--- RECORDS SHOWN ---
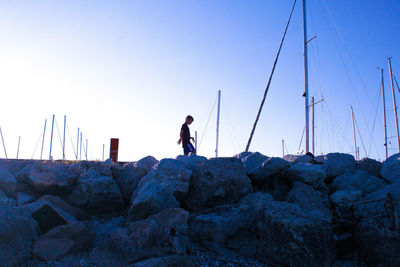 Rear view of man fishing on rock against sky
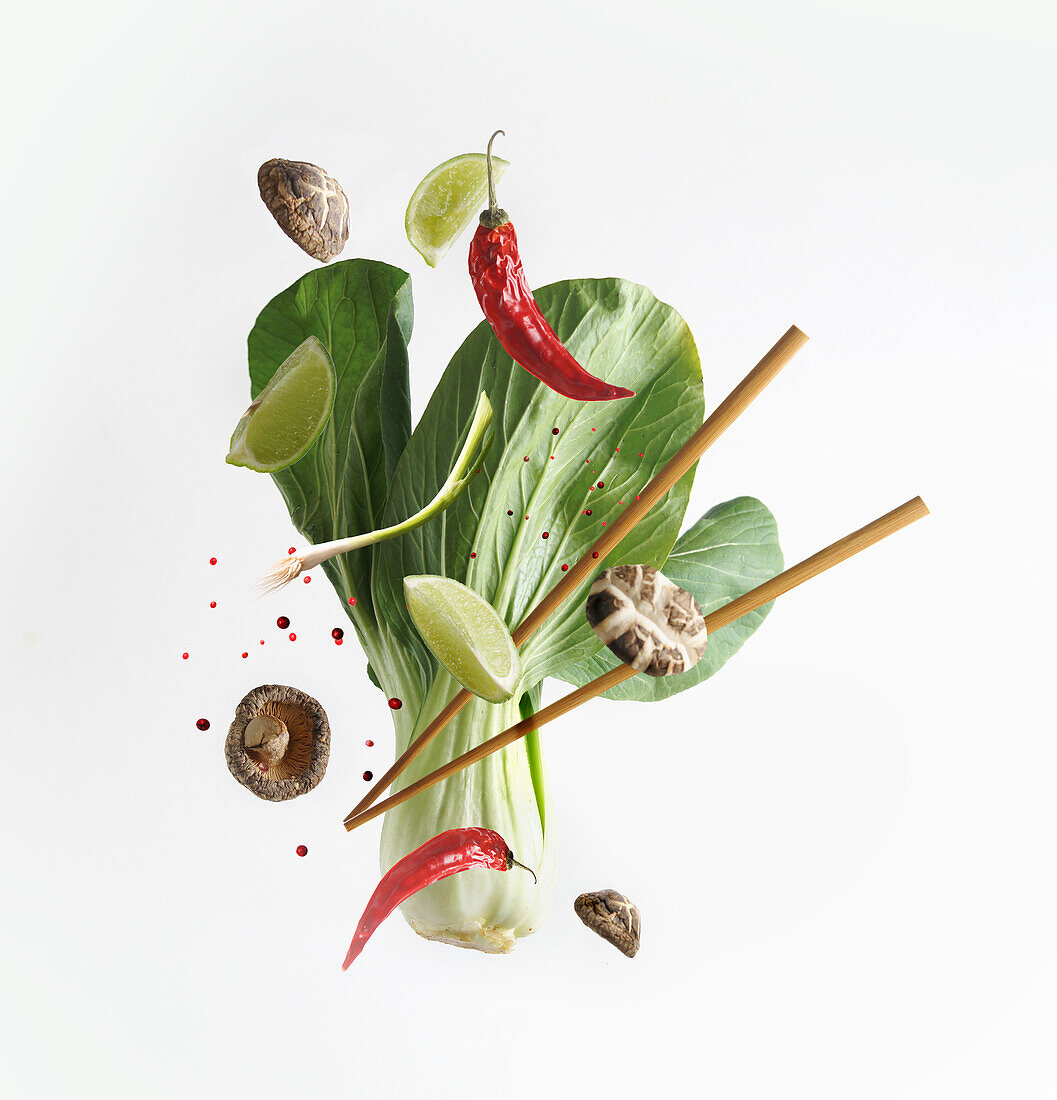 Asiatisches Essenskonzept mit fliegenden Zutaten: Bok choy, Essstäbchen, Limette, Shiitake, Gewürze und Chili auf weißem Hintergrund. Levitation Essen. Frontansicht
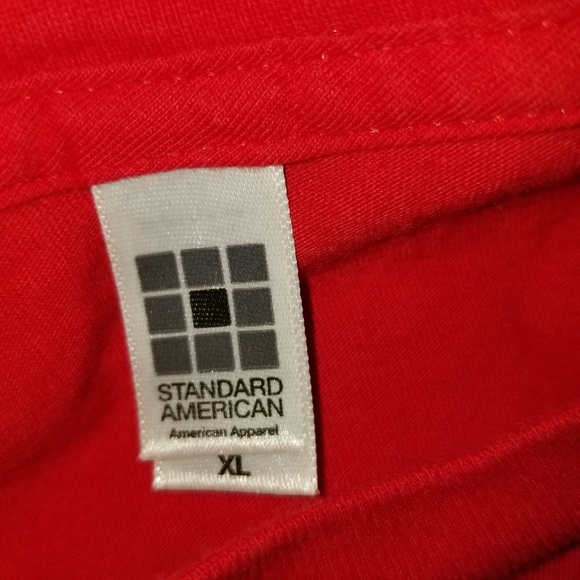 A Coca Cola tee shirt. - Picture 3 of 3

* * *

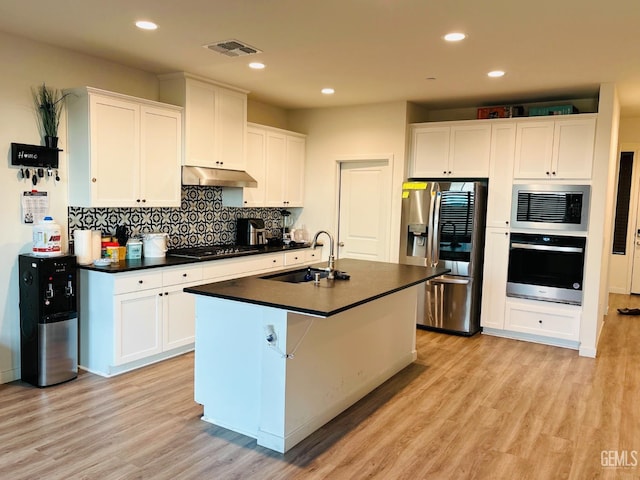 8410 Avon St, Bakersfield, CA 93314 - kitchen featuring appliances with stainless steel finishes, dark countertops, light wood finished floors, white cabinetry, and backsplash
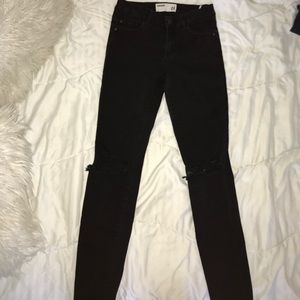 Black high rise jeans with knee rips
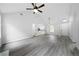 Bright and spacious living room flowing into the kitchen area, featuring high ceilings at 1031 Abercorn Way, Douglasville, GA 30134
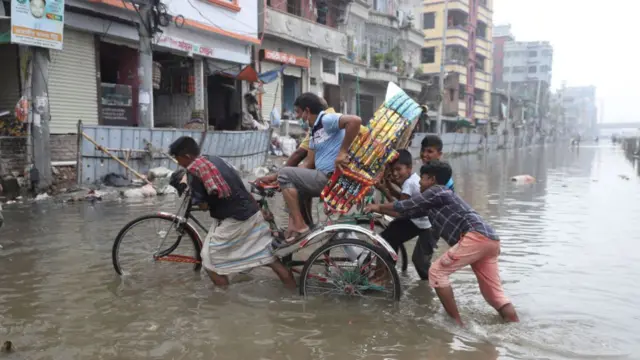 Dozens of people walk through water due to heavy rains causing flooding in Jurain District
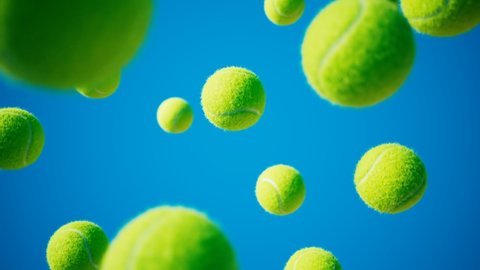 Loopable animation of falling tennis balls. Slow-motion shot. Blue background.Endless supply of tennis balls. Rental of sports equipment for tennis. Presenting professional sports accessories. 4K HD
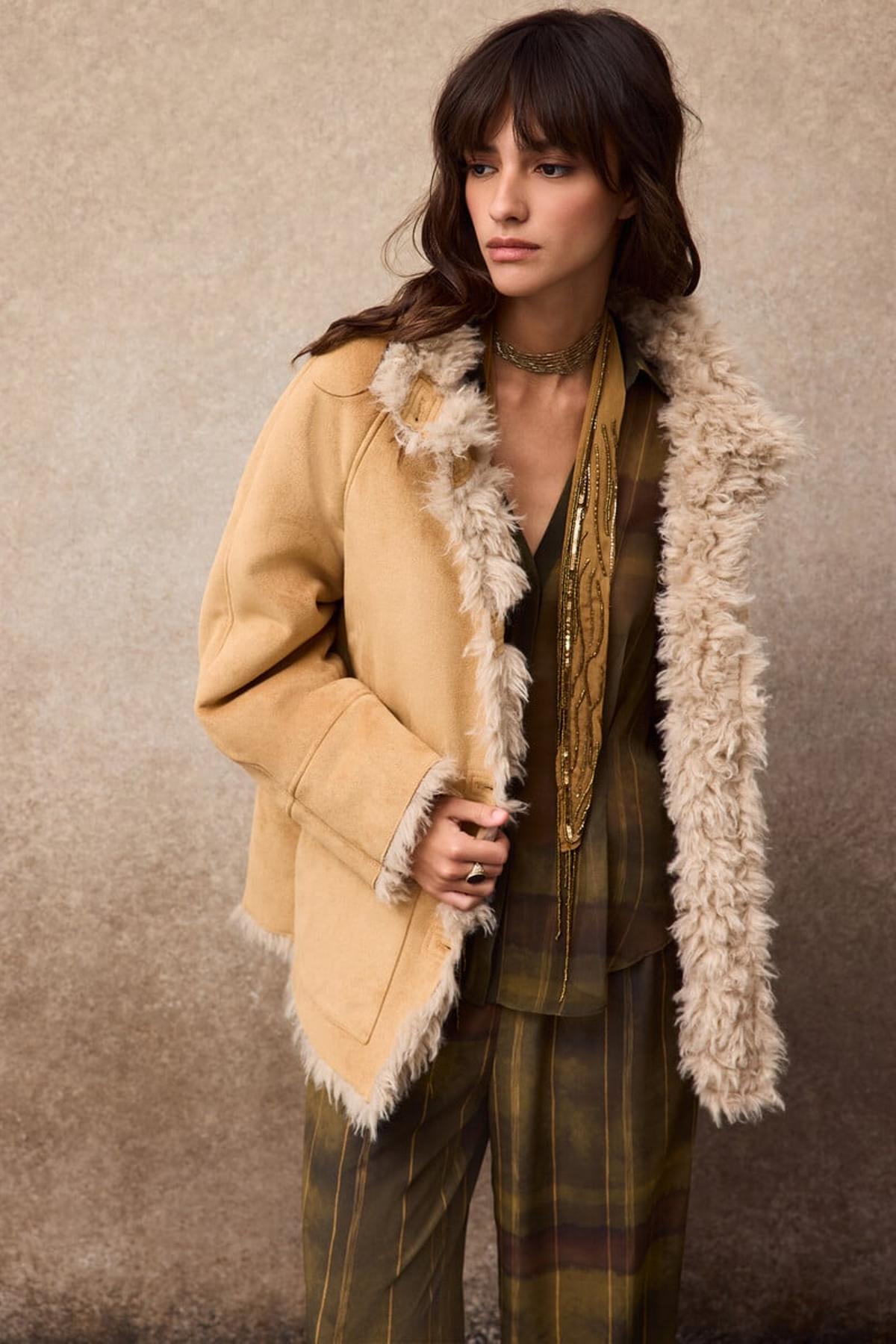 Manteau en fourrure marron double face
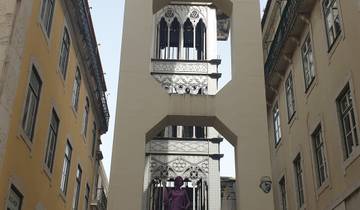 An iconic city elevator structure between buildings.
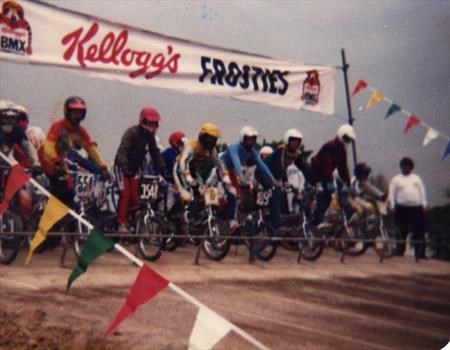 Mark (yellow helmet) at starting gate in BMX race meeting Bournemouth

--- ACTION ITEM ---
Everything from the line with "Black high rise jeans with knee rips" down to the line with "Mark (yellow helmet)" in the data above should be copied exactly, with both end lines kept and the pictures left out.

--- RESULT FOR THIS EXERCISE ---
 Black high rise jeans with knee rips
 Bright and spacious living room flowing into the kitchen area, featuring high ceilings at 1031 Abercorn Way, Douglasville, GA 30134
 Dozens of people walk through water due to heavy rains causing flooding in Jurain District
 Loopable animation of falling tennis balls. Slow-motion shot. Blue background.Endless supply of tennis balls. Rental of sports equipment for tennis. Presenting professional sports accessories. 4K HD
 Manteau en fourrure marron double face
 An iconic city elevator structure between buildings.
 Mark (yellow helmet) at starting gate in BMX race meeting Bournemouth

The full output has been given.